Dalam kurun waktu tersebut, pasar terbuka dan perdagangan global telah dituding sebagai hal yang menyebabkan hilangnya pekerjaan. Namun, para CEO global berpendapat bahwa penyebab sesungguhnya atas masalah tersebut adalah penggunaan mesin yang meningkat.
Di tengah diskusi para pemimpin perusahaan dalam pertemuan tahunan World Economic Forum (WEF) di Davos dalam hal produktivitas dari penggunaan teknologi, mereka mengingatkan bahwa kerugian berlanjut terhadap isu pekerjaan ini perlu ditangani lebih serius.
Teknologi seperti robot, mobil tanpa supir, artificial intelligence, dan mesin cetak 3-D ada di mana-mana sehingga lebih banyak jenis pekerjaan yang terancam.
Adidas, contohnya, berencana untuk menggunakan mesin cetak 3-D dalam pembuatan beberapa produk sepatunya.

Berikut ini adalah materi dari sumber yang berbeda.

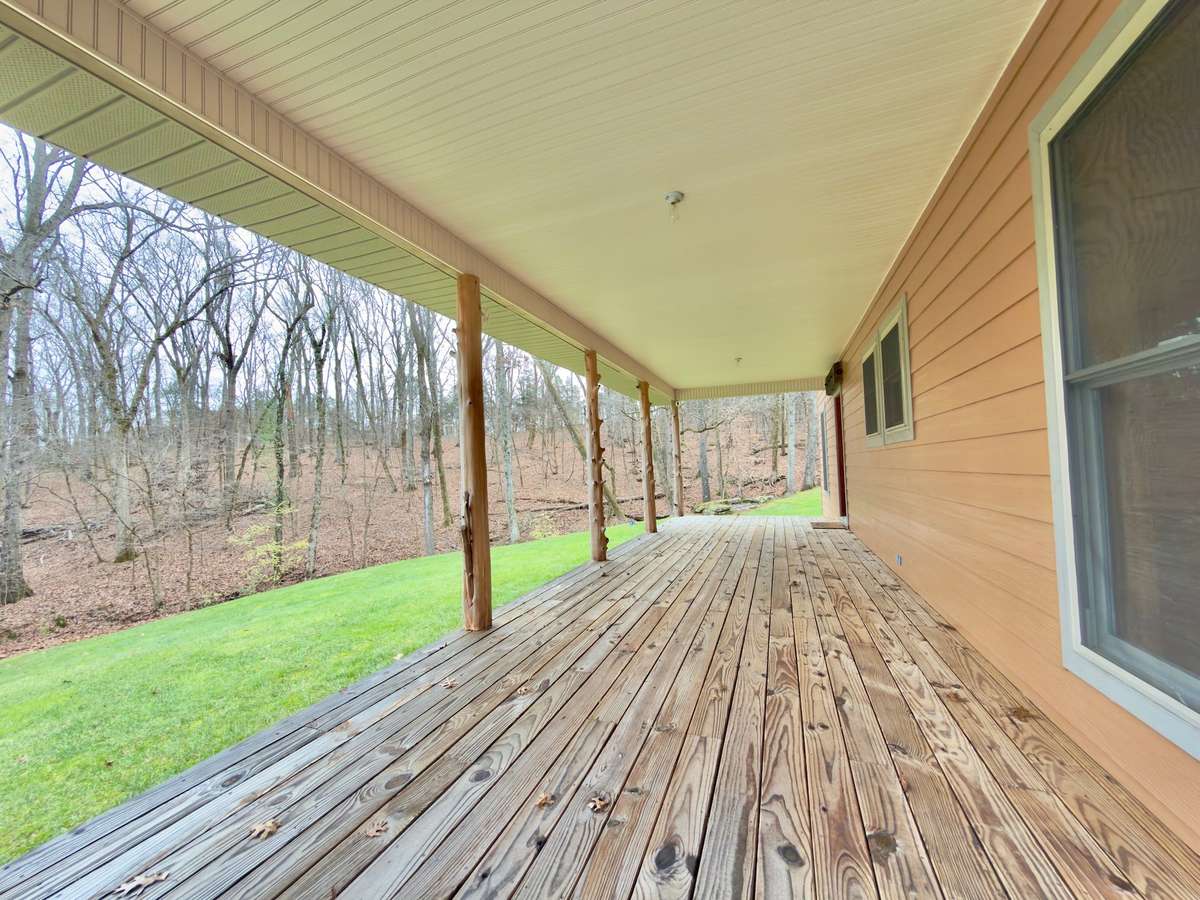 Spacious covered front porch for watching the wildlife walk by.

“Pekerjaan akan hilang, juga akan berkembang, dan revolusi ini akan selalu ada serta mempengaruhi semua orang,” ujar Meg Whitman, chief executive Hewlett Packard Enterprise, seperti dikutip dari Reuters (Jumat, 20/1/2017).

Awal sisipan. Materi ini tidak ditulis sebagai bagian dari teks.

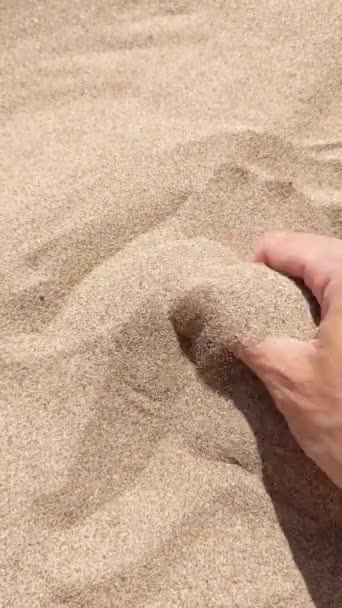 알아볼 수없는 여자가 모래를 손가락 사이로 돌립니다 해변을 여행하는 여행자는 — 비디오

Menurut laporan WEF, di saat sejumlah pendukung Donald Trump dan Brexit kemungkinan berharap kebijakan pemerintah yang baru dapat mengembalikan hilangnya pekerjaan, para ekonom memprediksi bahwa 86% dari hilangnya pekerjaan manufaktur di AS berpengaruh terhadap produktivitas.
“Ada lebih banyak pekerjaan yang hilang akibat teknologi alih-alih faktor lain. Hal ini akan meningkatkan tantangan, khususnya mengingat konteks politik,” ujar John Drzik, head of global risk pada perusahaan broker Marsh.

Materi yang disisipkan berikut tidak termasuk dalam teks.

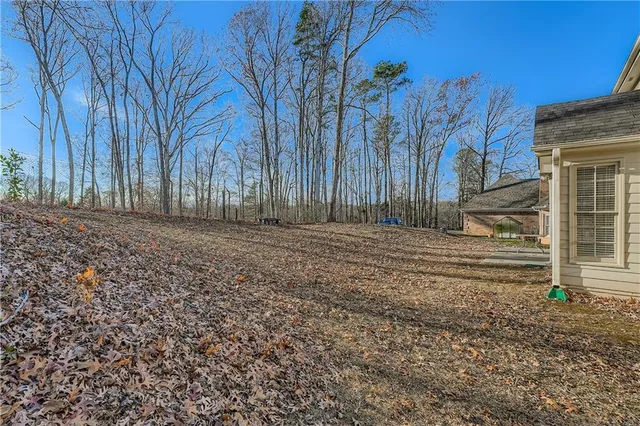 a view of a backyard of the house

Dibandingkan dengan pengawasan keras terhadap imigrasi dengan memperketat perbatasan, mengambil langkah penanganan atas dampak teknologi yang menghilangkan pekerjaan kemungkinan lebih sulit dilakukan.
“Para CEO merasa sangat percaya diri bahwa kita tidak akan digantikan oleh sistem komputer. Namun saya yakin pasti akan ada saatnya!” ujar Inga Beale, CEO the Lloyd's of London.